SUPPLIED DATA –
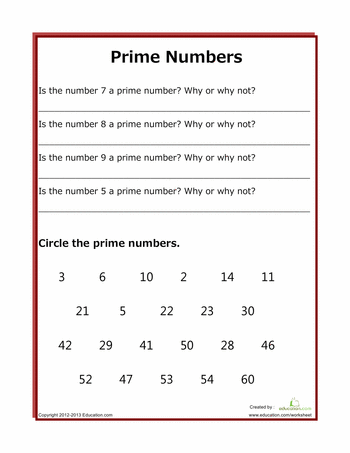 Prime and Composite numbers | Math Fun Worksheets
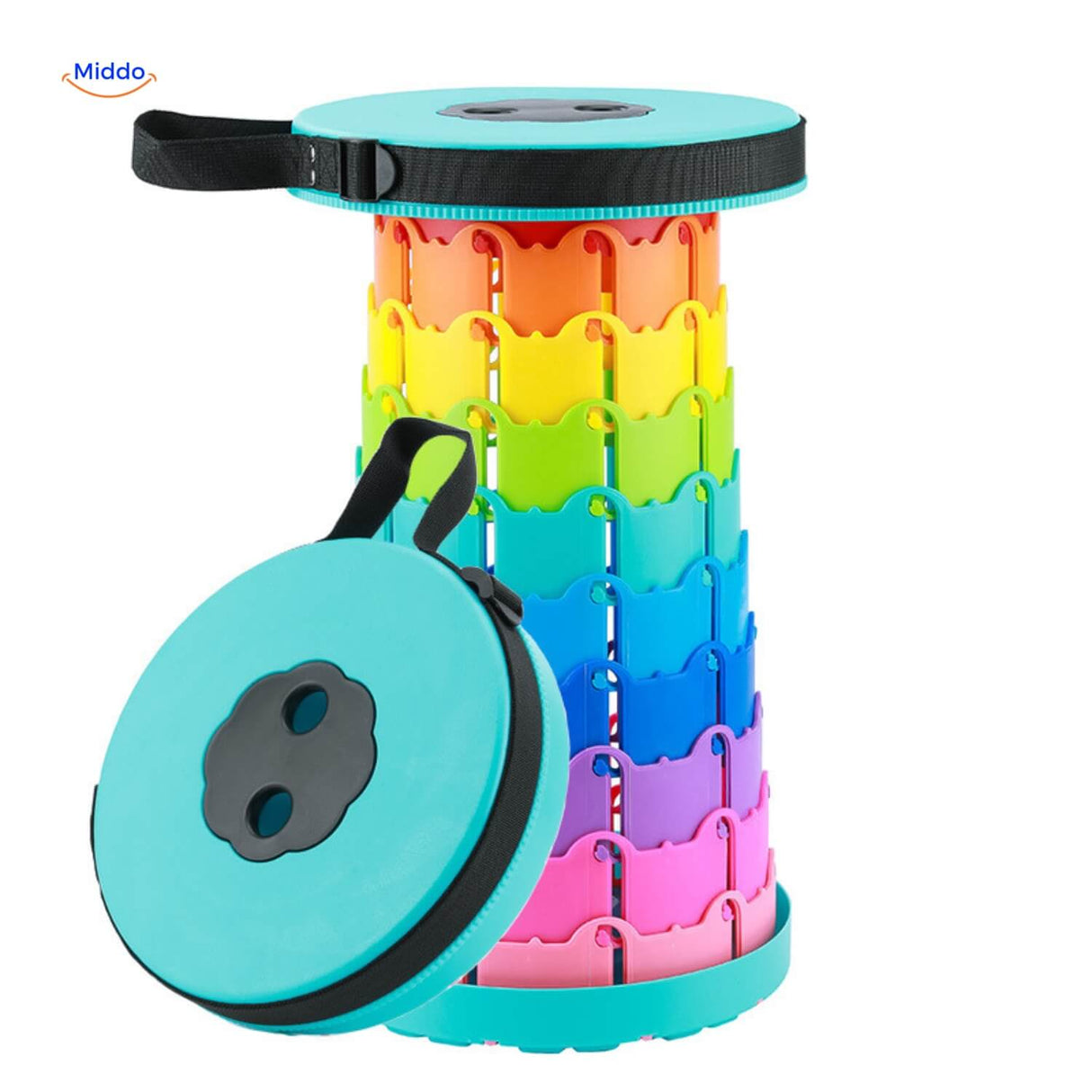 Flexistool in multi-color rainbow design with turquoise highlights.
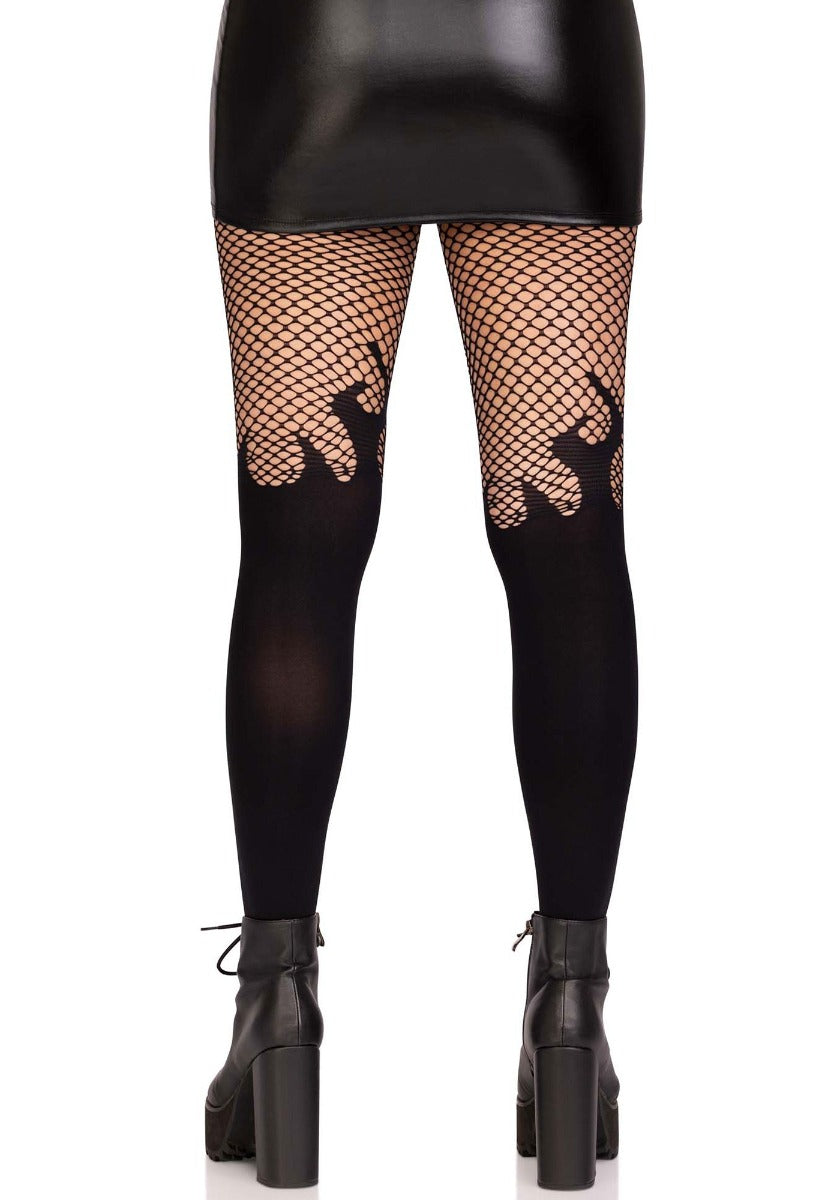 Leg Avenue Flame Tights With Fishnet Top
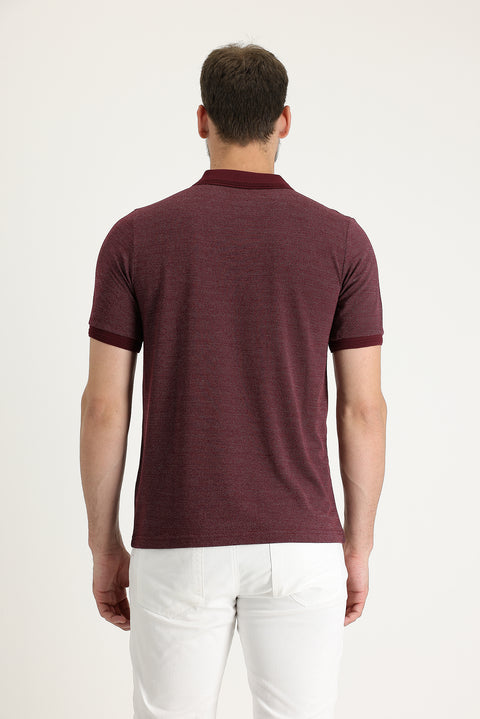 Cherry Red Polo Collar Regular Fit Patterned T-shirt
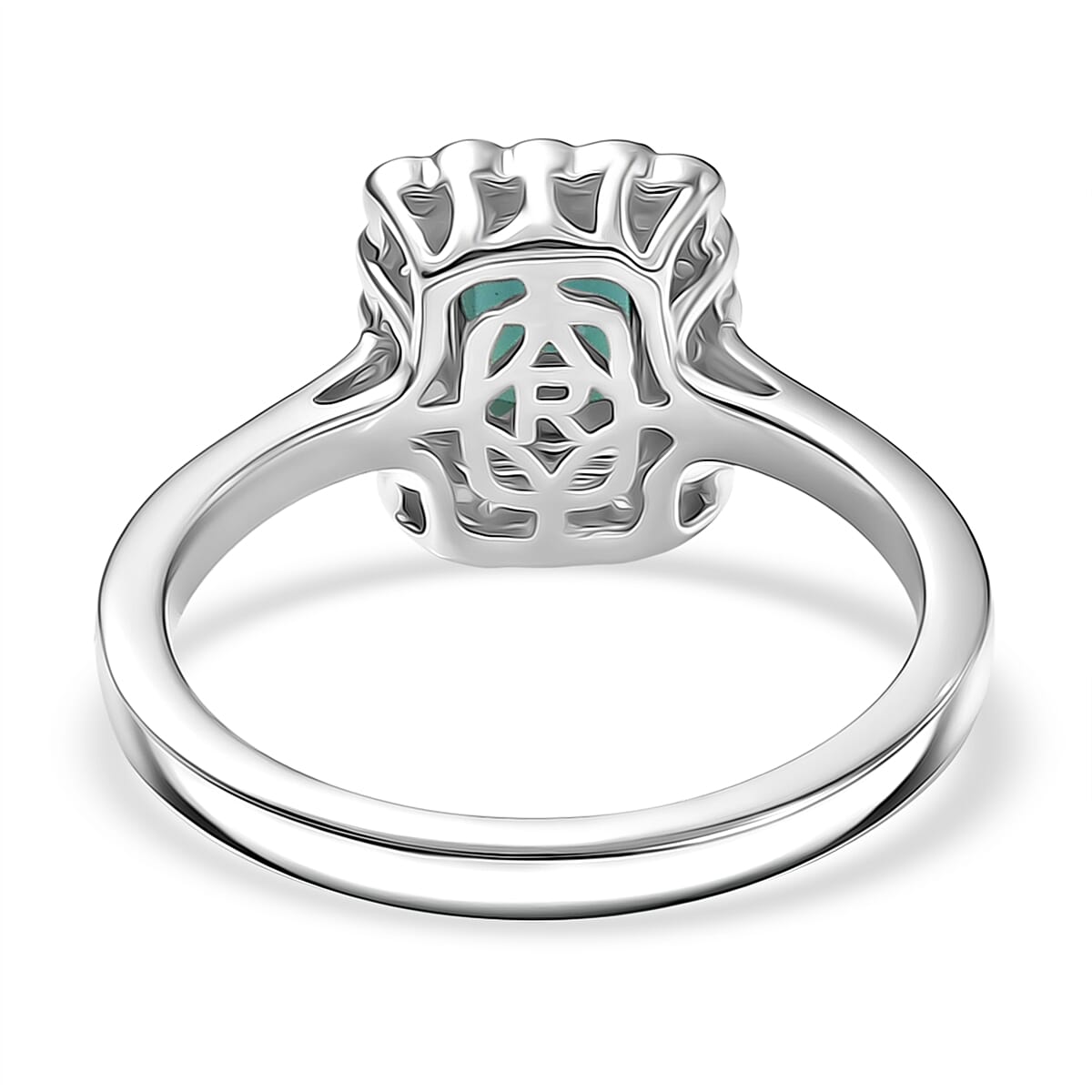 Doorbuster Certified & Appraised Rhapsody AAAA Pirineu Lagoon Tourmaline and E-F VS Diamond 1.50 ctw Ring in 950 Platinum (Size 7.0) 5.75 Grams image number 4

TASK PROMPT –
Everything from the line containing "Cherry Red Polo" through the last line of the entries must be repeated verbatim, except pictures.

TASK OUTPUT –
 Cherry Red Polo Collar Regular Fit Patterned T-shirt
 Doorbuster Certified & Appraised Rhapsody AAAA Pirineu Lagoon Tourmaline and E-F VS Diamond 1.50 ctw Ring in 950 Platinum (Size 7.0) 5.75 Grams image number 4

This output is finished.